いつもより多くテメェのドタマを回転させてやるぜ!
ある程度数を減らしたら無理せず、頃合いを見計らって撤収だ!
一ノ瀬・綾音
……いや、あの、さ。
四字熟語乱発したところで賢さが見えるかって言うと、その、うん。
出前迅速とか全品半額って意味わかって言ってるの?
本当に頭が良かったりするなら、こういうことにも耐えられるよね?
孤立している奴を狙って無情なる渦潮で引きずり込みを狙うよ。
ちなみにこの渦潮の速さと君達の頭の回る速さ、どっちが速いんだろうね。これってトリビアに……ならないか。
相手の情報ぶつけは……もうどうしようもないから耳塞いで苦しんでる素振りは見せつつ、それで相手が油断したところ狙って少し叫んでみたりするかな?うるっさーい!って。
そんな言葉を意味もなく乱発するのが頭の良さなの!?
あーもうじゃあいいよじゃあ綾音ちゃんもそっちに合わせますよーだ。
全力全開!
復讐上等!
亜人殲滅!
綾音無双!
最後変?気にしてはいけない!
程よく退治したらアキレウスが来る前に撤退するとしようか。
迅速果断とはまさにこのことだよ。あと臨機応変もかな?
覚えておくんだね!
●序幕
集落もなければ、街道もない。馬車の轍すら刻まれていない。文明から隔絶された不毛の荒野。
そこにJR山手線の車両に似た列車が停まっていた。
異様な光景ではあるが、その列車がパラドクストレインとなれば、話は別だ。
「今回の敵は普通の亜人とは毛色が違うみたいだね」
車両側面に並ぶ黄緑色の扉が一斉に開き、涼しげな色合いのセーラー服を着た少女がそのうちの一つ降り立った。

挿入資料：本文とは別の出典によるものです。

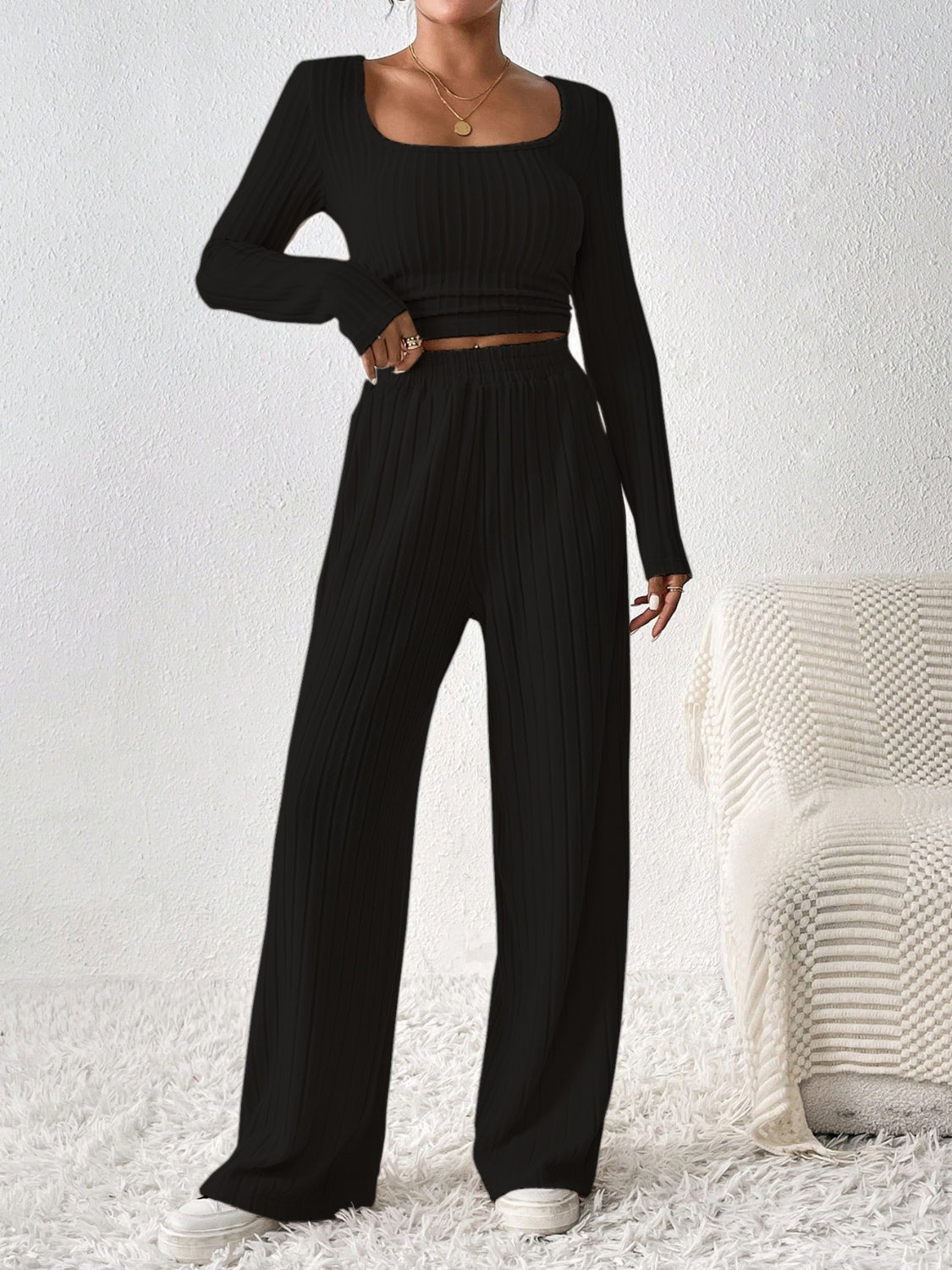 Zephariel Scoop Neck Long Sleeve Top and Pants Set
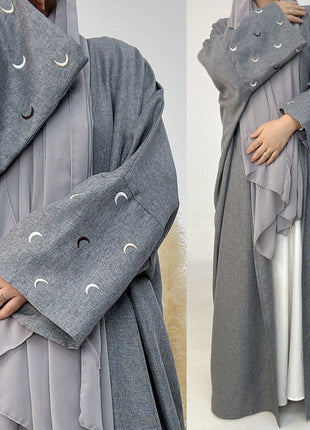 2025 Ramadan Khimar Abaya Saudi Arabia Turkey Islam Embroidery Moon Muslim Cardigan Dress Prayer Clothes Dresses For Women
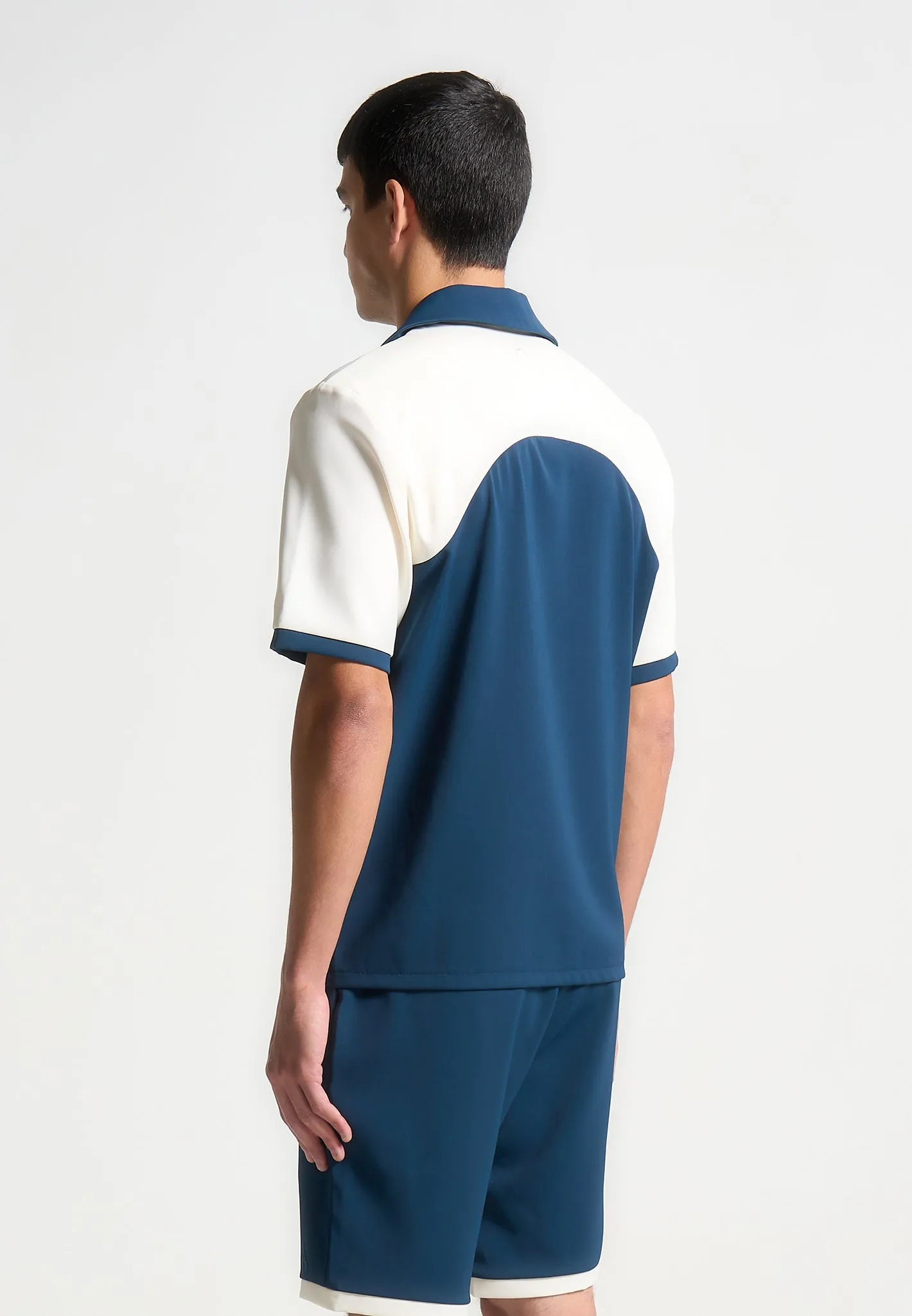 Colour Block Raglan Revere Shirt - Navy/Cream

スノウメイジの凍雲・雪那(報仇雪恨の皓巫姫・g07783)である。
「きゅい!」
と、列車の乗降口で鳴いたのはダンジョンペンギンの『ルリム』。雪那のサーヴァントだ。
その後方に、緑色の髪をした小柄な少女――一ノ瀬・綾音(色彩に溢れし少女・g00868)が姿を現した。

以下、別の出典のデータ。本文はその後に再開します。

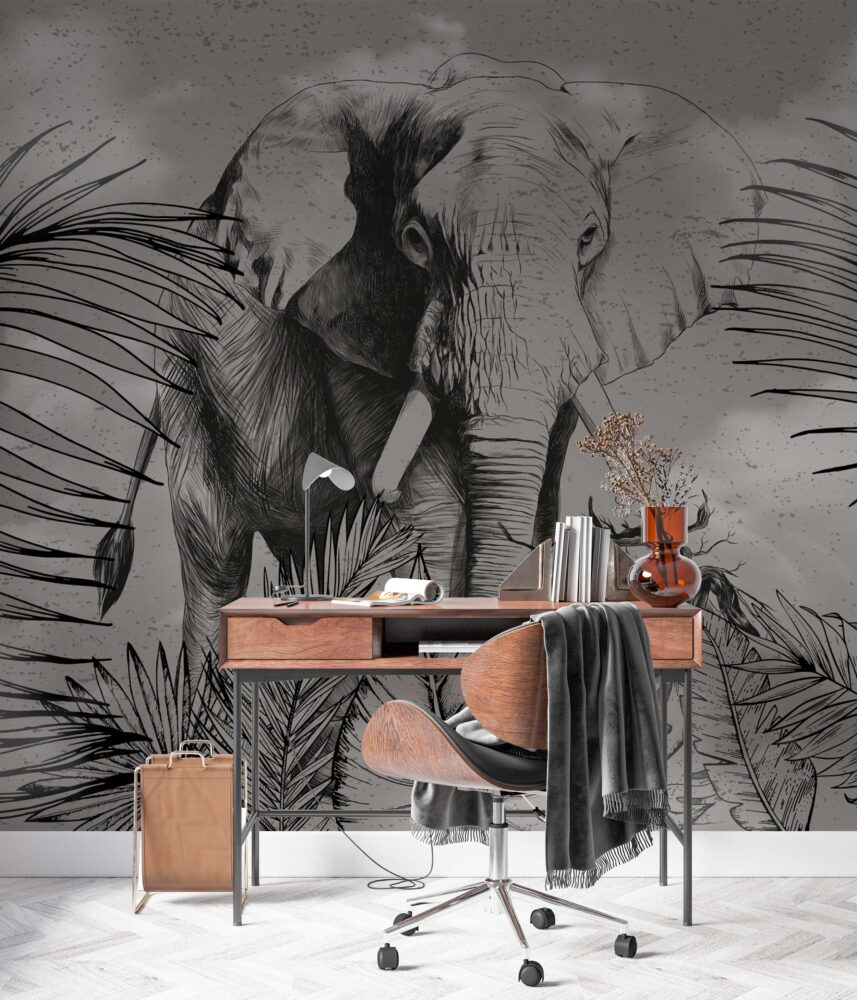 Charcoal Elephant Jungle Wallpaper : Dark Tropical Mural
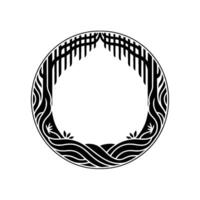 Abstract Circular Emblem, Minimalist Wave vector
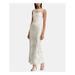 RALPH LAUREN Womens Silver Gown Floral Embroidered Sleeveless Illusion Neckline Maxi Formal Dress Size: 8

「うん。令震の話からすると、なにやら知性派っぽいね」
綾音はルリムを抱き上げ、一緒に列車から降りた。
そして、苦笑を浮かべて付け足した。
「もっとも、『自称』っていう枕詞がつくタイプの知性派だろうけど……」
「まあ、自信があるからこそ、自称できるんだろうが……上等ってもんだ!」
三人目のディアボロスである鬼人の女が鼻息も荒々しく降車した。
鳴神・雷羅(獄道デスペラード・g02984)だ。その身を包むのは、フレイムパターンが描かれたライダースーツ。
「性欲お化けな亜人どもの恥性……もとい、知性なんざ、たかが知れてると思ってたけどよぉ。おつむの回転がそんなにご自慢なら、こっちはそれ以上の力で圧倒してやるぜ!」
●一ノ瀬・綾音(色彩に溢れし少女・g00868)
パラドクストレインを後にして駆け出すこと数分。敵の陣営が見えてきた。
いかにもマニュアル通りに設営しましたって感じの馬防柵(馬の突撃は防げても、パラドクスは防げないだろうね)の向こう側にいるのはオーガの群れ。綾音ちゃんたちの姿は見えているだろうけど、誰一人として慌てず騒がず、余裕ムーブをかましてる。
「おやおや? ディアボロスどもが突撃してきましたよ」
「いや、『突撃』と言うには鈍すぎるでしょう。アキレウス様の駿足振りを見慣れている我々からすれば、あんなものは亀の歩みも同然ですよ」
「きっと、脳味噌の出来も亀並みですな。見るからに低能!」
「無知蒙昧!」
「浅薄愚劣!」
「軽佻浮薄!」
「週休二日ぁーっ!」
……いや、あのさ。亀並みじゃない脳味噌の出来を披露したいんだろうけど、四字熟語を乱発したところで賢く見えるかっていうと、その……うん。てゆーか、なぜに週休二日? 意味わかって言ってる?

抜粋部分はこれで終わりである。